(Pékin) La Chine va assouplir ou lever les restrictions aux investissements étrangers le mois prochain dans de nouveaux secteurs, au moment où le géant asiatique tente de relancer son économie plombée par la pandémie.

Agence France-Presse

Les investisseurs étrangers se plaignent de longue date d’un traitement inéquitable sur le marché chinois.

Le pays dispose d’une « liste négative » qui définit les industries interdites et réglementées pour les investissements étrangers.

Au 23 juillet, cette liste passera à 33 secteurs réglementés contre 40 actuellement, a annoncé mercredi la puissante agence de planification économique (NDRC).

Dans le secteur financier, une entité étrangère sera désormais autorisée à détenir la totalité du capital d’une compagnie d’assurance vie et d’une maison de courtage. Jusque-là, la participation d’une entreprise étrangère ne pouvait pas dépasser la moitié du capital.

Le mois dernier déjà, la Chine avait davantage ouvert son marché de la notation de crédit, en autorisant l’américain Fitch Ratings à opérer dans le pays, après S&P Global en 2019.

Dans le domaine de la construction, les systèmes d’approvisionnement en eau et de drainage des villes de 500 000 habitants sont désormais ouverts.

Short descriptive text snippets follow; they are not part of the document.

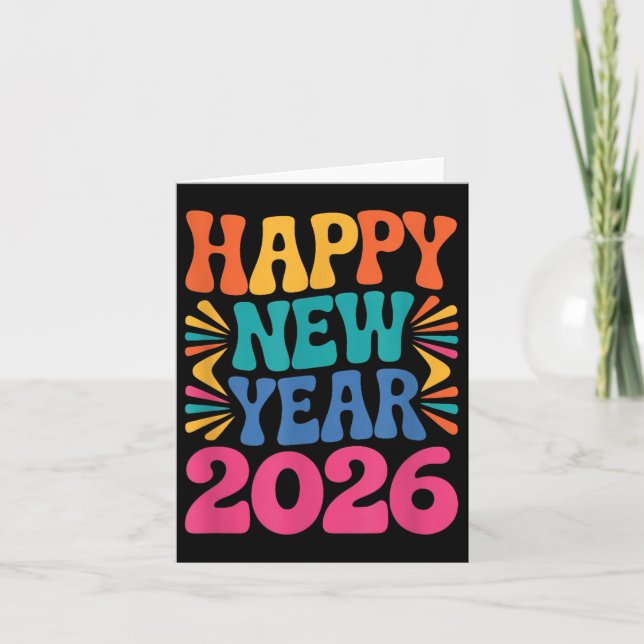 Retro Happy New Year 2026  Card (Front)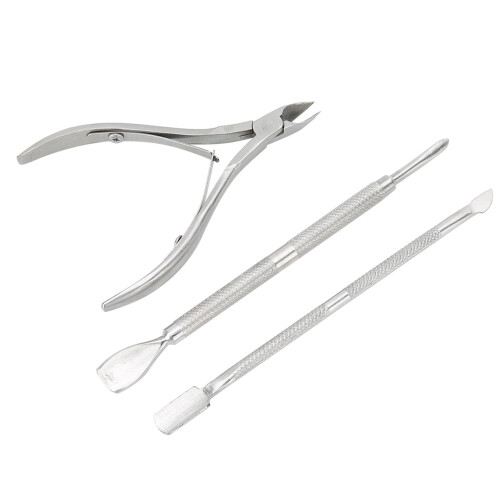 3x Edelstahl Nagelhautzange Set Hautentferner 2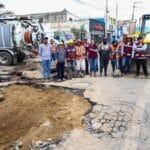 Hundimiento carretera federal México-Puebla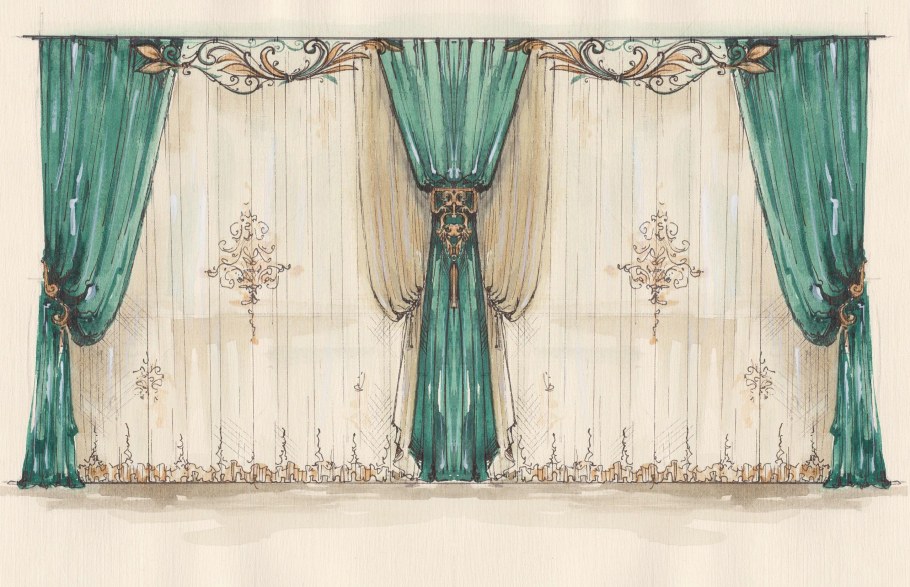 Погребная Татьяна эскизы штор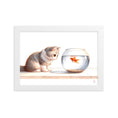 Load image into Gallery viewer, Cuadro enmarcado infantil Gatito y Pez
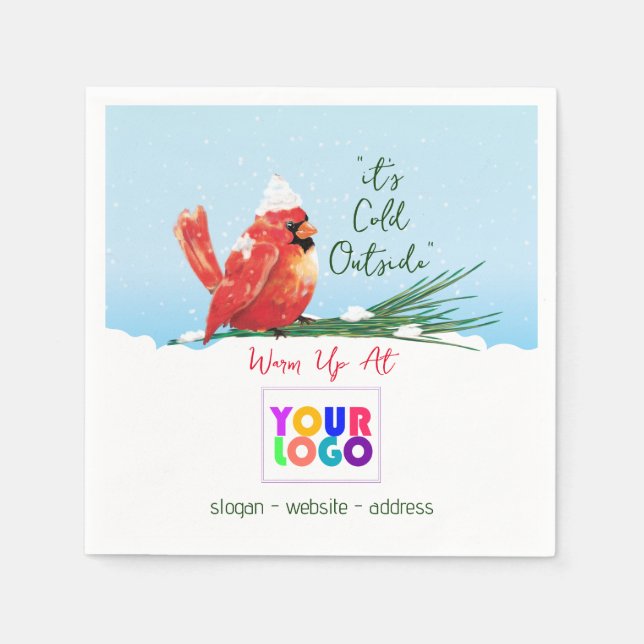 Cardinal in The Snow Business Logo Napkin (Front)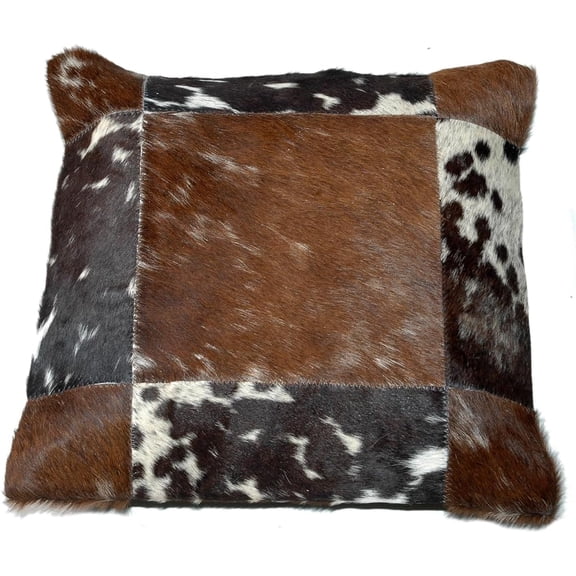 Patchwork Cowhide Cushion Covers – 15 x 15 Inch Square – Crafted from 100% Natural Cowhide Skin – Multi-Coloured, Durable, and Reversible – Elegant Cushion Covers for Modern and Traditional Homes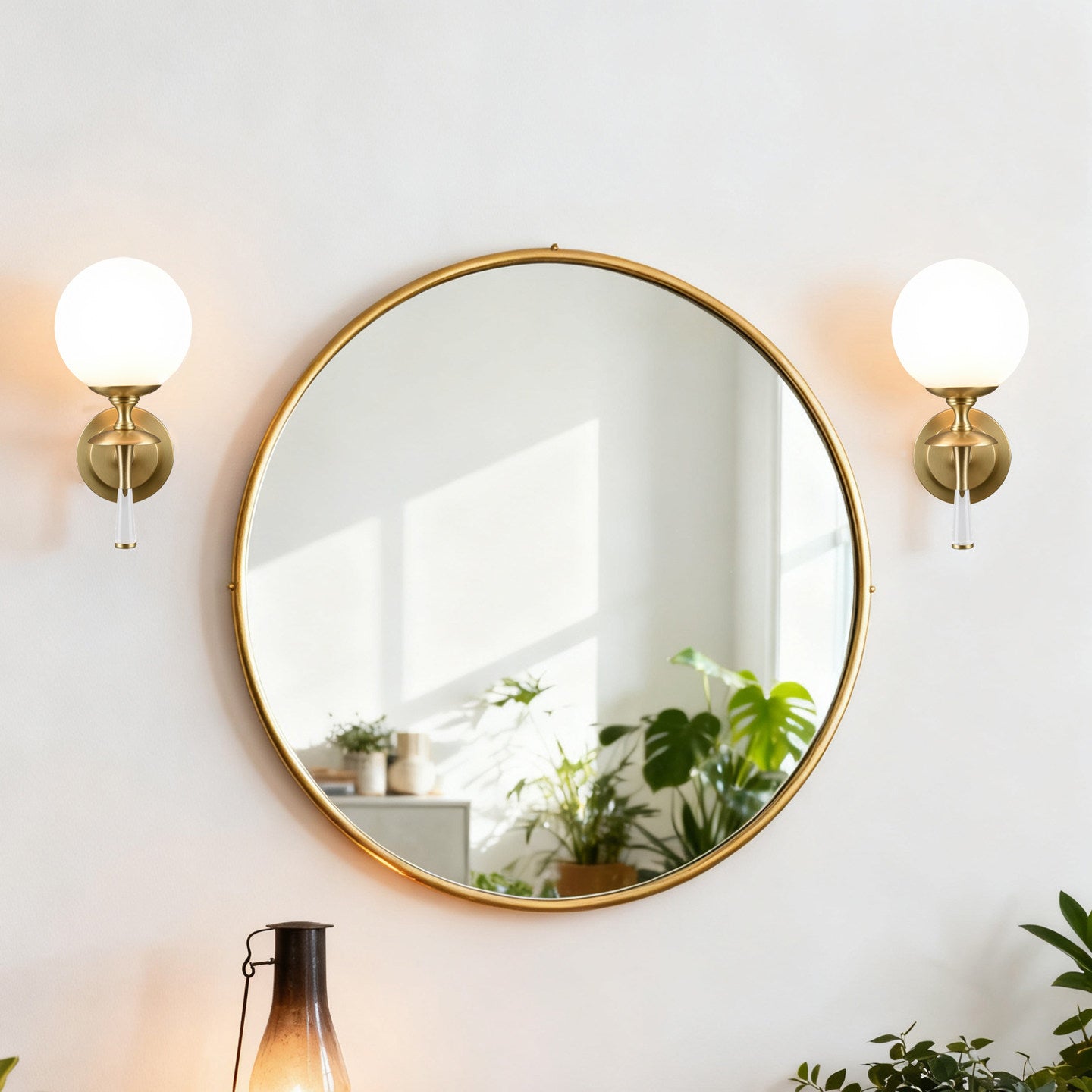 Milk Glass Torch Globe Wall Sconce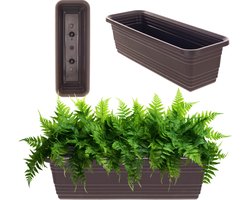 KADAX Bloembak, balkonpot van kunststof, weerbestendige plantenbak, bloempot, leuningbak voor het kweken van bloemen, kruiden en planten (mokka, 50 cm)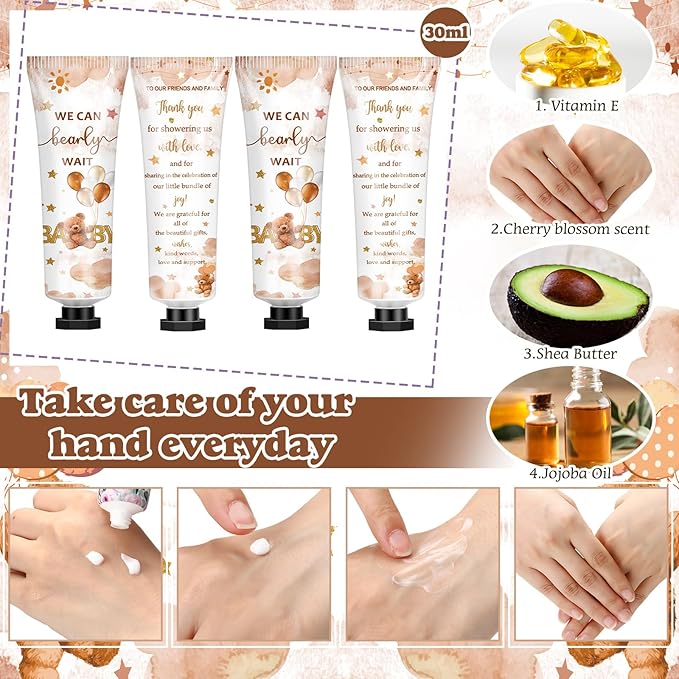 50 Sets 200 Pcs Baby Shower Hand Lotion and Lip Balm Gift Theme Baby Shower Party Favors Travel Size Hand Lotion and Lip Balm Bulk with Organza Bags Tags(Bear)-Velvo Beauty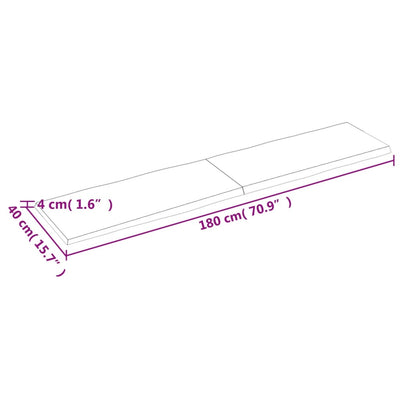 Pöytälevy 180x40x(2-4) cm käsittelemätön täysi puu elävä reuna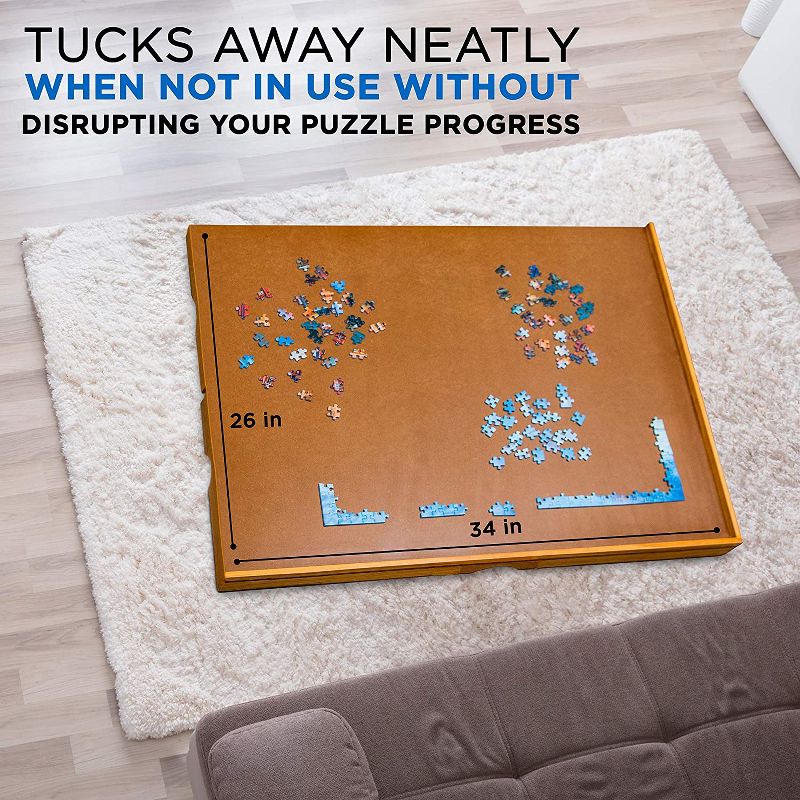 Jumbl Puzzle Board | 27" x 35" Wooden Jigsaw Puzzle Table w/ 6 Drawers | Puzzles Up to 1,500 Pieces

Les firmes étrangères sont par ailleurs autorisées à investir dans le contrôle aérien. En revanche, elles ne peuvent toujours pas prendre de participation dans un aéroport civil.

Pékin a également levé les restrictions dans la production et le traitement des minéraux radioactifs et dans la production de combustible nucléaire.  

L’économie chinoise a connu un repli pour la première fois de son histoire au 1er trimestre, avec une baisse de 6,8 % sur un an, largement imputée à l’épidémie de COVID-19 qui a quasiment mis à l’arrêt l’activité du pays.